Troy Bayliss finally won his first race of the 2001 World Superbike Championship when he brilliantly passed Colin Edwards going into the final corner after 18 truly breathtaking laps around the beautiful Monza circuit.

Even though the re-profiled Goodyear and Della Roggia chicanes tried their best to stifle the racing and claimed more than their fair share of victims during the first World Superbike Race at the 5.770km Monza circuit in sunny Northern Italy, Troy Bayliss and Colin Edwards kept the Monza crowds on their feet throughout Sunday's opening 18-lap event with the Australian Infostrada Ducati rider claiming his first win of the 2001 season by six hundredths of a second.

Edwards' Castrol Honda VTR1000 appeared to have the upper hand over Bayliss going into the final lap after the pair had swapped the lead almost a dozen times since the lights went green. However Bayliss rode superbly through the Ascari chicane to put him in a prime position on the run down to the Parabolica for the final time.

What followed was a heart stopping display of bravery and precision as Bayliss out-dragged the Honda inch by inch, his elbow brushing Edwards' faring twice as the two desperately tried to out-brake each other. Both encountered lurid, near high sides going through the final turn but despite a late lunge, Bayliss held it to the flag.

Edwards was magnanimous in defeat after losing out in a similar way to Pierfrancesco Chili last year but any hopes the veteran Italian had of repeating his feat in race one this year on the Suzuki GSX R750 evaporated at the start of lap three when he tangled with Troy Corser going into the ridiculously tight first chicane, already the scene of a first lap pile-up that claimed Robert Ulm and Steve Martin.
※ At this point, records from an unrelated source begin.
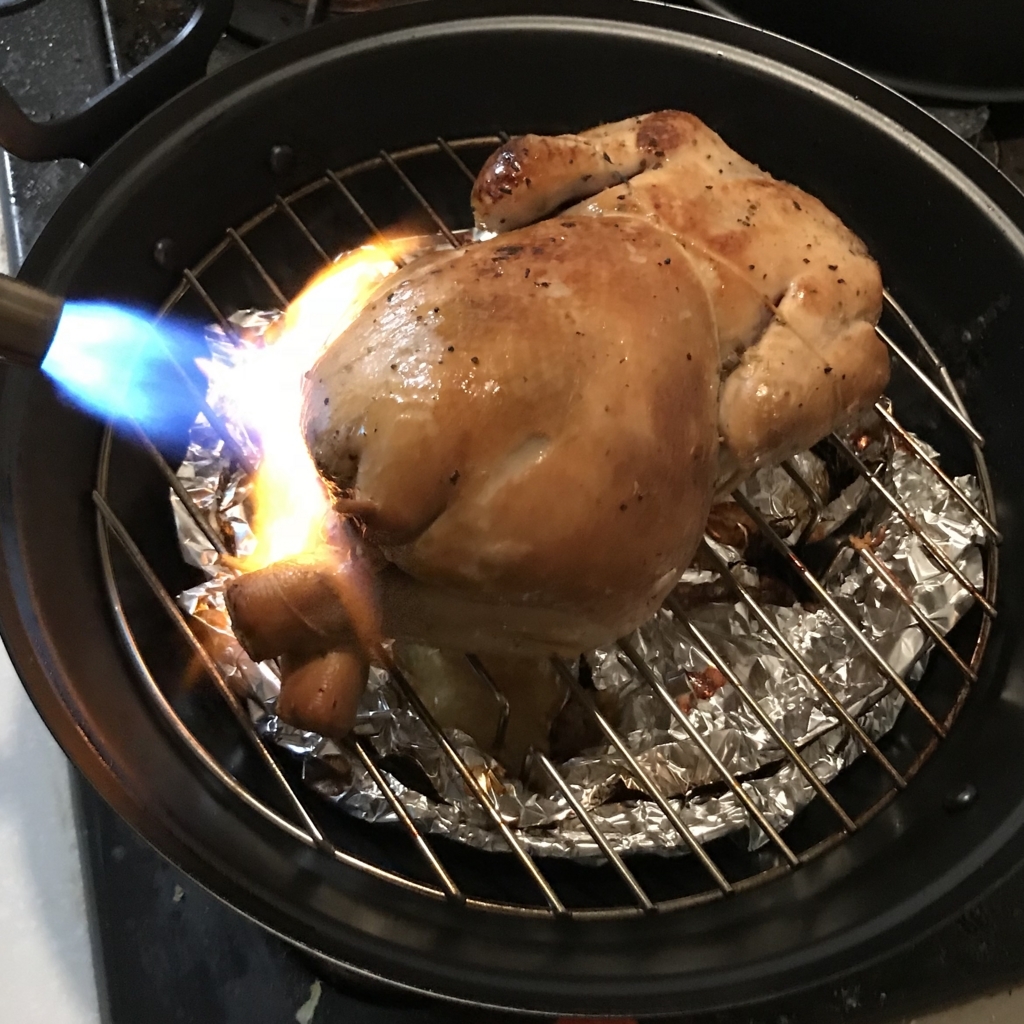 丸鶏の燻製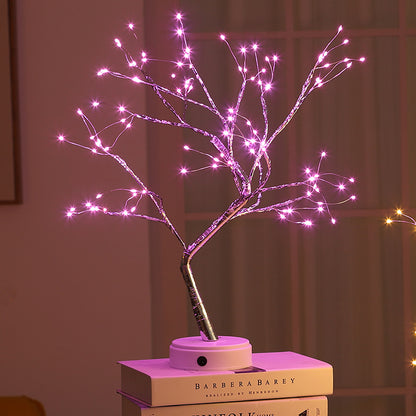 Arbre lumière interrupteur tactile perle étoile veilleuse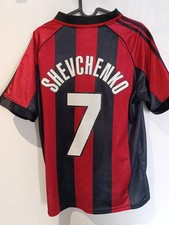 Maillot Jersey Maglia Caliseta Adidas AC Milan Home 1998/1999 - M Shevchenko 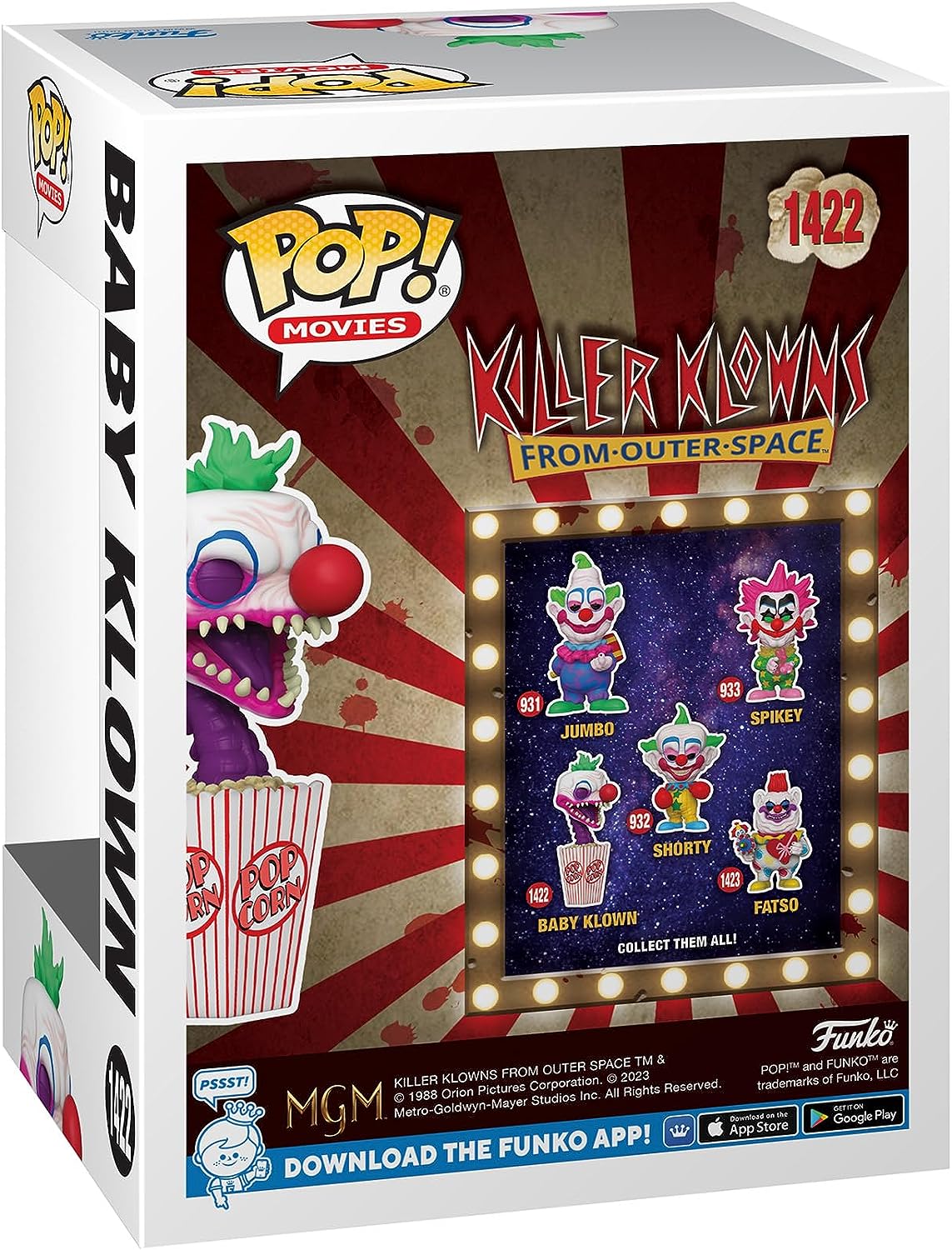 Funko POP! Movies: KKOS - Baby Klown - Killer Klowns from Outer Space - Collectable Vinyl Figure - Gift Idea - Official Merchandise - Toys for Kids & Adults - Movies Fans One Size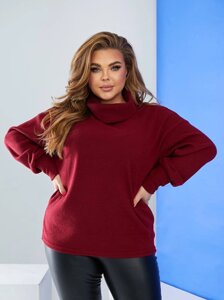 Жіночий светр з ангори Бургундії -забарвлений r. 54/56 384028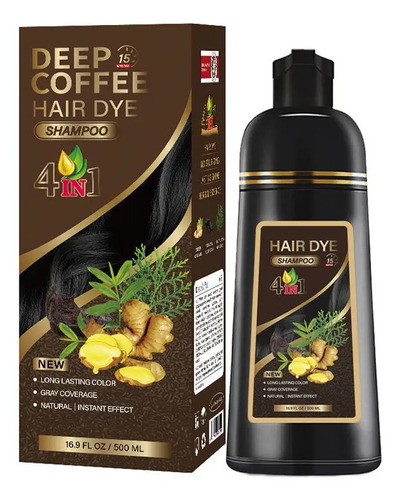 Shampoo Con Tinte  4 En 1 Cubre Canas Al Instante  500ml | Meses sin interés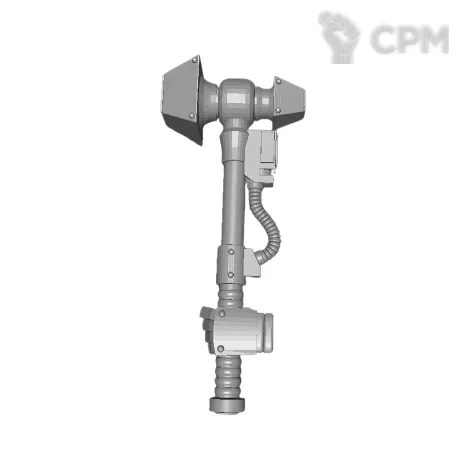 Описание картинки Thunder hammer от 3D Print Workshop по цене 58руб | Свободный Рынок Миниатюр - СРМ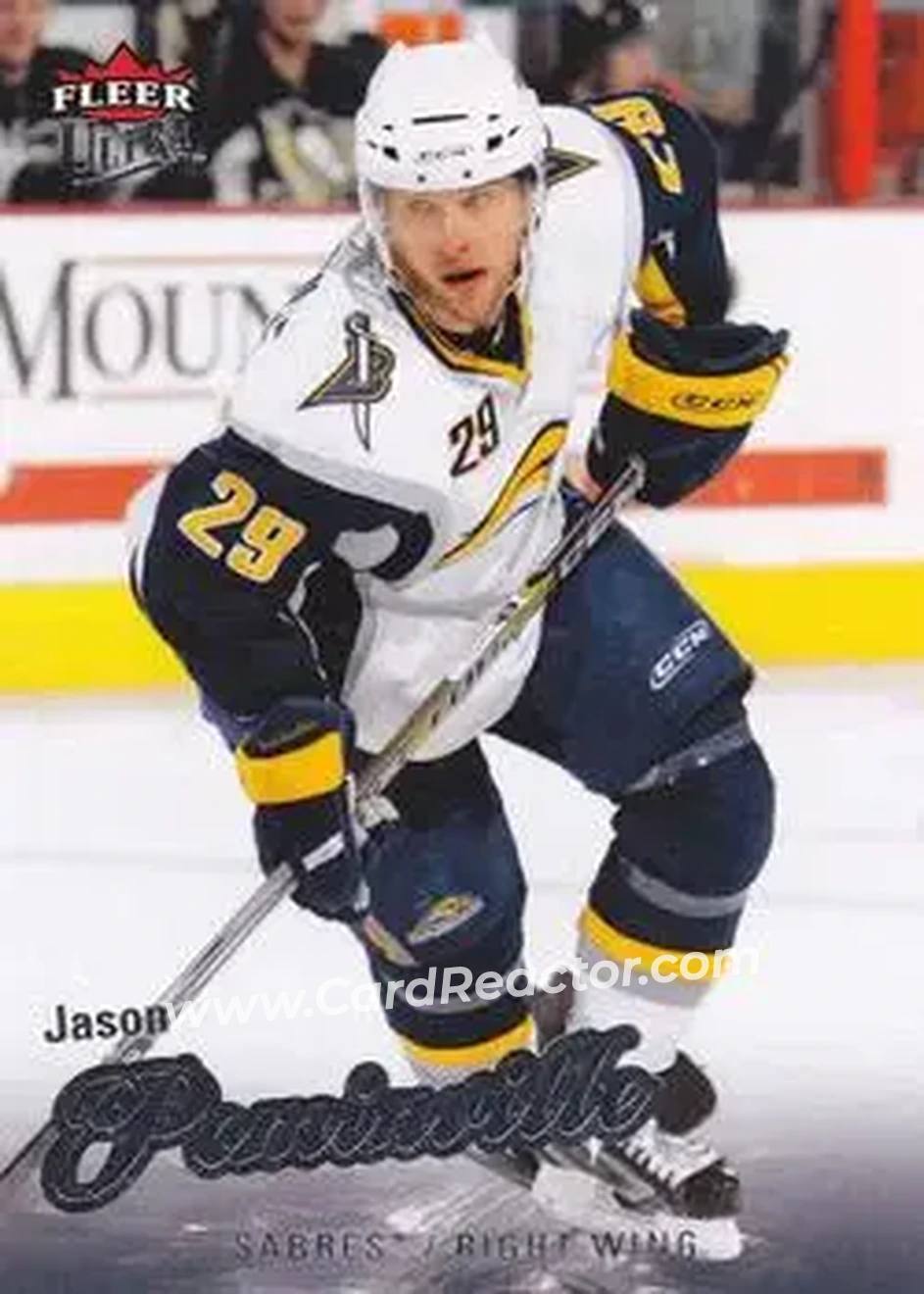 2008-09 Ultra #18 - Jason Pominville - Buffalo Sabres - Front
Whereas Corser was done for the race on the Aprilia RSV1000, Chili remounted and to the delight of his passionate fans, previously dismayed at his misfortune, he used a combination of speed and attrition ahead of him to claim 14th place and two points at the flag.

Any one of a number of riders could have taken the final podium spot and both Ruben Xaus and Neil Hodgson will be ruing their luck after battling for third for most of the way. The Spaniard looked set to take the spot after fending off sustained pressure from Hodgson after both fell away from the lead battle at around the lap ten mark but then it all went wrong with just two laps to go when Xaus' enthusiasm once again got the better of him and Hodgson suffered a cruel mechanical failure within yards of one another.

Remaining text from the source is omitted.